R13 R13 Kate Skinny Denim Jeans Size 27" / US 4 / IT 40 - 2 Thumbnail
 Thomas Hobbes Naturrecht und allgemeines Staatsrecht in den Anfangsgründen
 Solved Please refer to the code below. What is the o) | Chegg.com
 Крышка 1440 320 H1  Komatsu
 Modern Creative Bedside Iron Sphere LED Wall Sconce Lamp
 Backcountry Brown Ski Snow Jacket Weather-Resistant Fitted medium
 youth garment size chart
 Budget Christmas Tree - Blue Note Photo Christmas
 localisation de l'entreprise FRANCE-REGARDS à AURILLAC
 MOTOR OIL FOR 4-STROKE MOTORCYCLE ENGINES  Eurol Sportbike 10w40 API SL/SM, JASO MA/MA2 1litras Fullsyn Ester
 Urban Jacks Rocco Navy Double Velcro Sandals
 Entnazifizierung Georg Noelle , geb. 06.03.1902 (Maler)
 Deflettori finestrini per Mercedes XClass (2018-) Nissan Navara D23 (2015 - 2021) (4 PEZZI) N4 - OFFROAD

....

TASK GOAL: Without changing anything, repeat every record above.

RESULT OF THE TASK:
R13 R13 Kate Skinny Denim Jeans Size 27" / US 4 / IT 40 - 2 Thumbnail
 Thomas Hobbes Naturrecht und allgemeines Staatsrecht in den Anfangsgründen
 Solved Please refer to the code below. What is the o) | Chegg.com
 Крышка 1440 320 H1  Komatsu
 Modern Creative Bedside Iron Sphere LED Wall Sconce Lamp
 Backcountry Brown Ski Snow Jacket Weather-Resistant Fitted medium
 youth garment size chart
 Budget Christmas Tree - Blue Note Photo Christmas
 localisation de l'entreprise FRANCE-REGARDS à AURILLAC
 MOTOR OIL FOR 4-STROKE MOTORCYCLE ENGINES  Eurol Sportbike 10w40 API SL/SM, JASO MA/MA2 1litras Fullsyn Ester
 Urban Jacks Rocco Navy Double Velcro Sandals
 Entnazifizierung Georg Noelle , geb. 06.03.1902 (Maler)
 Deflettori finestrini per Mercedes XClass (2018-) Nissan Navara D23 (2015 - 2021) (4 PEZZI) N4 - OFFROAD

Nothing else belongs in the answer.